### Task to complete
Among the records that follow, find the line with "Bermuda jeans cargo over" and the line with "All-over Print Hoodie - M11DNAGA - - 4". Set down those lines and all lines between them exactly, without adding anything.

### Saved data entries
-=-=-=-=-
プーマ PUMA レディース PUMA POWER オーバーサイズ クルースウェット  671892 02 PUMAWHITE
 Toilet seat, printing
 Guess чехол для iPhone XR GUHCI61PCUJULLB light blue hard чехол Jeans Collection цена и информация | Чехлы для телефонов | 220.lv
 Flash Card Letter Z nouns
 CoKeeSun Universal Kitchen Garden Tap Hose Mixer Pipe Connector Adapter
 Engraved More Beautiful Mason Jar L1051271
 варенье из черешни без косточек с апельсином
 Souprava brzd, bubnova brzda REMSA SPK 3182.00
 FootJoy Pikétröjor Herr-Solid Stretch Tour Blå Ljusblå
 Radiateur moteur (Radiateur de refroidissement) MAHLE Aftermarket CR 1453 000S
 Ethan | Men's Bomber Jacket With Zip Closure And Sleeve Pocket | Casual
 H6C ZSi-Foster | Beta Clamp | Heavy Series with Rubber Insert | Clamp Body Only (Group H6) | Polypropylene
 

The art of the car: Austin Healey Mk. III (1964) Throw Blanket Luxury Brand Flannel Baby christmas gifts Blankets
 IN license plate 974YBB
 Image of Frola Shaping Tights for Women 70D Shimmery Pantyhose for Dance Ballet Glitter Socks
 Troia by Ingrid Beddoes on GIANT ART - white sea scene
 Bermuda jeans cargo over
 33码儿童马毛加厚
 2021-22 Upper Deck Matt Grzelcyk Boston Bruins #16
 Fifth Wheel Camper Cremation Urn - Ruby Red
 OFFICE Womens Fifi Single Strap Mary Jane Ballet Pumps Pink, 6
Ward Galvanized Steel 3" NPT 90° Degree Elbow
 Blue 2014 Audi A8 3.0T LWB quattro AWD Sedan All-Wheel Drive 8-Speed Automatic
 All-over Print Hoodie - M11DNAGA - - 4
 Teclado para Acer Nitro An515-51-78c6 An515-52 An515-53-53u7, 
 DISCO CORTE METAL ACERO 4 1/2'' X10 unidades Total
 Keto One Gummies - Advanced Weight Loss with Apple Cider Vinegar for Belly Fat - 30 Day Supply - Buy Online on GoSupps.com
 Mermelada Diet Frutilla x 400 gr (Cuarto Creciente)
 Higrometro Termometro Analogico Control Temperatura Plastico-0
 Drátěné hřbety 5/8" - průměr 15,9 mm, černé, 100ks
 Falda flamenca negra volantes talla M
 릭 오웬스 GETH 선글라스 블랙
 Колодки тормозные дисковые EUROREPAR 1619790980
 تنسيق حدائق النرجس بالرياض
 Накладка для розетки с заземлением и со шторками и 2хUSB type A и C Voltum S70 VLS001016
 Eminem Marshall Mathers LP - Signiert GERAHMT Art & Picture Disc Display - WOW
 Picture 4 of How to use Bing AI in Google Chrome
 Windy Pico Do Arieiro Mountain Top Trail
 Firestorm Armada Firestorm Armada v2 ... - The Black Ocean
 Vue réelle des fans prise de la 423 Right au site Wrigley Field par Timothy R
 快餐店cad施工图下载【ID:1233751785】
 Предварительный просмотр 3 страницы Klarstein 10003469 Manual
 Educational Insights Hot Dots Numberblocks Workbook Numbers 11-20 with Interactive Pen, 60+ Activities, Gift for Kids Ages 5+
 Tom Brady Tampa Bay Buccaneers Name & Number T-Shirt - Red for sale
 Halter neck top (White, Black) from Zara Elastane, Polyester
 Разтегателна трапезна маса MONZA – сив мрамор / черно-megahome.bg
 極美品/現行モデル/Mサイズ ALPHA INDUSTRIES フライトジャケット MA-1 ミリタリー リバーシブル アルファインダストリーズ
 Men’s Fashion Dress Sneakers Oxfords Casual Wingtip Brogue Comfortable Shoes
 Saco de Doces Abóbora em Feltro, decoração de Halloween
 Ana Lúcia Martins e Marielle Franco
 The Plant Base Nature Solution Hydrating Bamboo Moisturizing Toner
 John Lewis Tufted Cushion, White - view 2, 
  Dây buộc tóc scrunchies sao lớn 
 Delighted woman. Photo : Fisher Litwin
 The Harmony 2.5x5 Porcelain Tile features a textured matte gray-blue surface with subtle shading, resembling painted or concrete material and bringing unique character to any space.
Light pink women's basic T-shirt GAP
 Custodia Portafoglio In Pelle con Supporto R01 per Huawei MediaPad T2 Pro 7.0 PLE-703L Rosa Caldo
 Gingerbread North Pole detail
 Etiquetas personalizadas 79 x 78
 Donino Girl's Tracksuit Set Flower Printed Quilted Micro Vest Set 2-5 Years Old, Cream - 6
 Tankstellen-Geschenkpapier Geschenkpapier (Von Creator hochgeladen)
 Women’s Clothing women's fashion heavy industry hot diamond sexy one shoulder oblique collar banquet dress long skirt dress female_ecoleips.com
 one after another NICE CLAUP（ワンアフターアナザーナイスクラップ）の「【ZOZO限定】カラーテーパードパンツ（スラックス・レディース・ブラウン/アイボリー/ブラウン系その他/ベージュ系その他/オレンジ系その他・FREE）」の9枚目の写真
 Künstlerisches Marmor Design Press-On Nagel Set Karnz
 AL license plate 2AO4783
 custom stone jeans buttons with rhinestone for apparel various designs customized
-=-=-=-=-
### Result of the task
 Bermuda jeans cargo over
 33码儿童马毛加厚
 2021-22 Upper Deck Matt Grzelcyk Boston Bruins #16
 Fifth Wheel Camper Cremation Urn - Ruby Red
 OFFICE Womens Fifi Single Strap Mary Jane Ballet Pumps Pink, 6
Ward Galvanized Steel 3" NPT 90° Degree Elbow
 Blue 2014 Audi A8 3.0T LWB quattro AWD Sedan All-Wheel Drive 8-Speed Automatic
 All-over Print Hoodie - M11DNAGA - - 4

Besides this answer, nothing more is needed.